The best bet for big deposits of ice are the lunar poles, which receive less sunlight than the equatorial regions. There are deep craters that are never touched by the sun’s light at all, and remote sensing suggests that is where water is concentrated. The temperatures there are nearly -400 degrees F.
How will we get that water? Ivory tower lunar prospectors have tested heated drills in the Antarctic and developed passive extraction mechanisms based on thermal tents—heat the ice, capture the vapor, and you’re in business.
Naturally, these machines require power, and the most reliable power source in space is the sun, batteries being quite heavy and nuclear power quite complicated (both politically and when it comes to safety). But you might have guessed a “permanently shadowed region” doesn’t have a lot of sun, and that is where the Peaks of Eternal Light come in.
It’s quite convenient, really: Alongside some of these dark craters, there is high ground that is always in sight of the sun. They were first hypothesized and named in the 19th century by European astronomers as “montagnes de l’éternelle lumière.”
Recent sophisticated efforts to map the moon have established these peaks are quite real near the lunar north pole, and available at the south pole. A solar panel raised just 10 meters off the surface would collect the sun’s light more than 90% of the time. But there is not much of this land, effectively slivers of territory along ridges and crater rims.

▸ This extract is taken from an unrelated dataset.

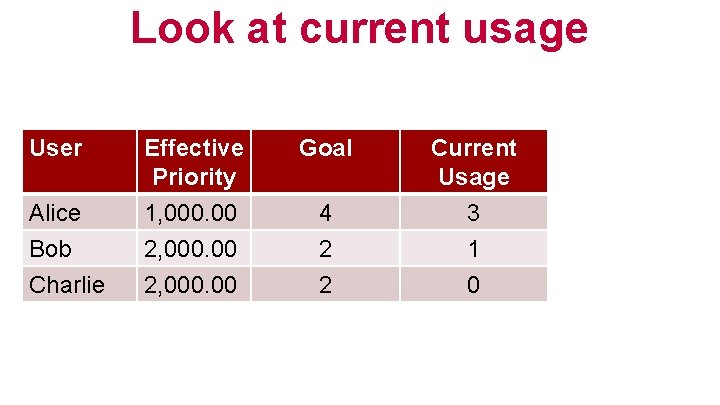 Look at current usage User Effective Priority Goal Current Usage Alice Bob Charlie 1,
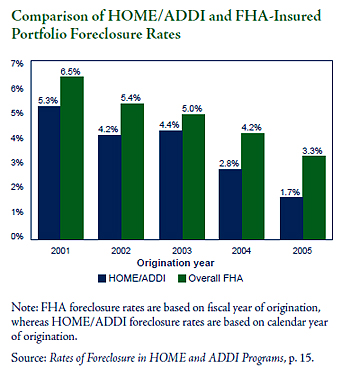 A bar chart showing comparison of HOME/ADDI to the  FHA-insured portfolio foreclosure rates.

The promise of a constant power source right next to a vital resource. What could be better? Actually, there is something that could be better: a legal regime that gave us any clarity about how this real estate can be occupied.
Space law is based on 20th century treaties that did not contemplate the growing ability of not just governments but also private corporations to act beyond the Earth. In particular, there is no mechanism by which anyone can claim property rights over an astronomical body or some sub-set of it, because they are for humanity writ large.
Potential space conflicts are addressed through the idea of non-interference: If someone is doing something on the moon (or elsewhere), another party can’t come mess with their activity. This idea allowed the US government to grant some rights to potential space miners in 2015. While they couldn’t claim land on the moon or an entire asteroid, a company that extracted a resource from one of those places could say they owned it.
Contemplating the intersection of scientific discovery, technological advancement, and legal conundrum, an astrophysicist, ethicist, and political scientist—Harvard-Smithsonian’s Martin Elvis, King’s College’s Tony Milligan, and the Missouri University of Science and Technology’s Alanna Krolikowskic—came to a startling conclusion in a 2016 paper:
“Effectively a single wire could co-opt one of the most valuable pieces of territory on the Moon into something approaching real-estate, giving the occupant a good deal of leverage even if their primary objective was not scientific enquiry.”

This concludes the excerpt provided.